Ils sont lucides. Et fatalement cyniques. Ils savent jusqu'où peuvent s'abaisser des hommes. Ils n'ignorent pas non plus leurs propres faiblesses. Dima aurait tendance à taper du pied pour être obéi. Volodia ne supporte pas un obstacle sur son chemin. «Mon plaisir, c'est de parvenir au but que je me suis fixé. Et si quelque chose m'en empêche, je l'élimine.» Est-ce à dire que le président est plus humain, moins implacable que son premier ministre ? Les styles et les tempéraments sont différents mais la détermination est la même. La volonté de restaurer la grandeur de la Russie également. L'un comme l'autre sont habités par le «destin» de leur pays. Plus ouvert, moins tendu, Dima n'a pas renoncé à ce tropisme russe. Plus grinçant, moins policé, Volodia est hanté par le spectre du déclin des empires. Il s'oppose à cette fatalité. Il ne reculera devant aucun moyen pour affirmer la puissance russe. Et l'a démontré une fois de plus lorsque la Russie a riposté avec énergie aux incursions des Géorgiens en Ossétie du Sud, une province séparatiste protégée par Moscou. Mais on aurait tort de penser que Dmitri Medvedev eût pu se montrer plus conciliant.

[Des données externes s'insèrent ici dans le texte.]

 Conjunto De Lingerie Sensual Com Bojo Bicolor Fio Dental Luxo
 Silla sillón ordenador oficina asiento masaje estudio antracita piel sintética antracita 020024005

Les Russes sont convaincus que le chef de l'État préside sous la tutelle de son premier ministre. C'est Vladimir Poutine qui l'a désigné comme son dauphin. C'est lui qui l'a fait élire. Surnommé le Grand Vizir, du temps où il n'était encore que le chef de l'administration présidentielle, Dmitri Anatolievitch est-il devenu calife, à la place du calife ? Tout le monde en doute. Lui-même ne cherche pas à se faire passer pour le patron. Mais l'homme n'est pas non plus une marionnette entre les mains de l'ancien président. Très vite, à la mairie de Saint-Pétersbourg, Poutine a reconnu les qualités de Medvedev, son intelligence, sa capacité de suivre, sans dévier, un raisonnement et à l'imposer aux autres. Leur tandem date de dix-sept ans. Noces de rose. Fleur et épine. Sur une même tige de bois.